- [WORK ORDER]
Lines from the one containing "Cheese And Quackers Funny Duck Pun" through the last line of the records below are to be repeated exactly.

- [PROVIDED RECORDS]
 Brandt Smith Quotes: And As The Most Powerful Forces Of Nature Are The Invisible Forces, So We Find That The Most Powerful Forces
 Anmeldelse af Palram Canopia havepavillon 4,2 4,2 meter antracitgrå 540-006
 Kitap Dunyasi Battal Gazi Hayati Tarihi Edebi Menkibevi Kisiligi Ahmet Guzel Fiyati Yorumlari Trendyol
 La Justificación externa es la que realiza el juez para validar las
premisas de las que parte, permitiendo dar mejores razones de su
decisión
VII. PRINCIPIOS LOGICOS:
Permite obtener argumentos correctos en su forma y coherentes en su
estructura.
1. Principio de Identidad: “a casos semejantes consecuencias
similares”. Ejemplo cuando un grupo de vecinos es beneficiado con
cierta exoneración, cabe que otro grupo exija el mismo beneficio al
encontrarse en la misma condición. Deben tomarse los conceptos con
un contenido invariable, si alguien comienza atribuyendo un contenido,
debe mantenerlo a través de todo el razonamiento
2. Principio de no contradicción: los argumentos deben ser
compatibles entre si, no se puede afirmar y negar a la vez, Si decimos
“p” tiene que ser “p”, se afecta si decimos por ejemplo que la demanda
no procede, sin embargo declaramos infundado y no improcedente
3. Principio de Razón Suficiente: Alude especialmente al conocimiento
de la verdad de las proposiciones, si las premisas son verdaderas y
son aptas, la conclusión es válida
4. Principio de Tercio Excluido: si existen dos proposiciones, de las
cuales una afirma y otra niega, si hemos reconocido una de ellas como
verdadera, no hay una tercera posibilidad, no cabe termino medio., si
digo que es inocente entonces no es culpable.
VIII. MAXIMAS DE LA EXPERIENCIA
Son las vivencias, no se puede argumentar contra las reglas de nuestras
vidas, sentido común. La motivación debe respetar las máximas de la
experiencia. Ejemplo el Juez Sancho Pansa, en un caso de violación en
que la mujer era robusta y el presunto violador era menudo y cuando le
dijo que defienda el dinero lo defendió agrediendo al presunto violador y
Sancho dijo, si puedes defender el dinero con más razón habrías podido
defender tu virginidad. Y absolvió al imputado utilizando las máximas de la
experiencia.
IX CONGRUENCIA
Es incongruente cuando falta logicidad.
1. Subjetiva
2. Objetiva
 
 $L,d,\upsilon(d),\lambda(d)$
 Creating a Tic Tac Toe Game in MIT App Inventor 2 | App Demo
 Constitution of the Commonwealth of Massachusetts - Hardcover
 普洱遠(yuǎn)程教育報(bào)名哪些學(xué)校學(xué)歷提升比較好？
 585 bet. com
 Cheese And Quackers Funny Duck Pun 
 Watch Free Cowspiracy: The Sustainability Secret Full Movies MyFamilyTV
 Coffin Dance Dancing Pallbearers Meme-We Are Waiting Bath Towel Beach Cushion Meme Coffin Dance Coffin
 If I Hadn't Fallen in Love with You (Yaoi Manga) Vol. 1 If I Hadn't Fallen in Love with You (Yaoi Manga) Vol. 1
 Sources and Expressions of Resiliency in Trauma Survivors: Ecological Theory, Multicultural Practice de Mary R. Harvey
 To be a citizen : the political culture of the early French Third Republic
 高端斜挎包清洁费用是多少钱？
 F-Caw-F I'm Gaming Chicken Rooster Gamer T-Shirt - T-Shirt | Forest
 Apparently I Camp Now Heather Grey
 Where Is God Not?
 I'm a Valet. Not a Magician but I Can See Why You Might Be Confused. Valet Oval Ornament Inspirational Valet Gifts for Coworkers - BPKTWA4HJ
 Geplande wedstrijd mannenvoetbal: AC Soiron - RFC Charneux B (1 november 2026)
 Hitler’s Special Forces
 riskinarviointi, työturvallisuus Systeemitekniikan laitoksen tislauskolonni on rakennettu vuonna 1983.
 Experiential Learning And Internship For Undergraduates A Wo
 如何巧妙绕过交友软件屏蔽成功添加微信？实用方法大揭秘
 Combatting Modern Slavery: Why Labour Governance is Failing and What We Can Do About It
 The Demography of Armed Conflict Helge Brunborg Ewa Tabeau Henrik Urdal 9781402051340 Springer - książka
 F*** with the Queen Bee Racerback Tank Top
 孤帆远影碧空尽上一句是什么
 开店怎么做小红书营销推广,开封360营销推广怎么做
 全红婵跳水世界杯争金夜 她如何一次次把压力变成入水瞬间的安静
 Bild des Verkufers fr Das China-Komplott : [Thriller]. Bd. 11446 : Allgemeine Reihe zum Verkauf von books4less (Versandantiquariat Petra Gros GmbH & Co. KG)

- [WRITTEN REPLY]
 Cheese And Quackers Funny Duck Pun 
 Watch Free Cowspiracy: The Sustainability Secret Full Movies MyFamilyTV
 Coffin Dance Dancing Pallbearers Meme-We Are Waiting Bath Towel Beach Cushion Meme Coffin Dance Coffin
 If I Hadn't Fallen in Love with You (Yaoi Manga) Vol. 1 If I Hadn't Fallen in Love with You (Yaoi Manga) Vol. 1
 Sources and Expressions of Resiliency in Trauma Survivors: Ecological Theory, Multicultural Practice de Mary R. Harvey
 To be a citizen : the political culture of the early French Third Republic
 高端斜挎包清洁费用是多少钱？
 F-Caw-F I'm Gaming Chicken Rooster Gamer T-Shirt - T-Shirt | Forest
 Apparently I Camp Now Heather Grey
 Where Is God Not?
 I'm a Valet. Not a Magician but I Can See Why You Might Be Confused. Valet Oval Ornament Inspirational Valet Gifts for Coworkers - BPKTWA4HJ
 Geplande wedstrijd mannenvoetbal: AC Soiron - RFC Charneux B (1 november 2026)
 Hitler’s Special Forces
 riskinarviointi, työturvallisuus Systeemitekniikan laitoksen tislauskolonni on rakennettu vuonna 1983.
 Experiential Learning And Internship For Undergraduates A Wo
 如何巧妙绕过交友软件屏蔽成功添加微信？实用方法大揭秘
 Combatting Modern Slavery: Why Labour Governance is Failing and What We Can Do About It
 The Demography of Armed Conflict Helge Brunborg Ewa Tabeau Henrik Urdal 9781402051340 Springer - książka
 F*** with the Queen Bee Racerback Tank Top
 孤帆远影碧空尽上一句是什么
 开店怎么做小红书营销推广,开封360营销推广怎么做
 全红婵跳水世界杯争金夜 她如何一次次把压力变成入水瞬间的安静
 Bild des Verkufers fr Das China-Komplott : [Thriller]. Bd. 11446 : Allgemeine Reihe zum Verkauf von books4less (Versandantiquariat Petra Gros GmbH & Co. KG)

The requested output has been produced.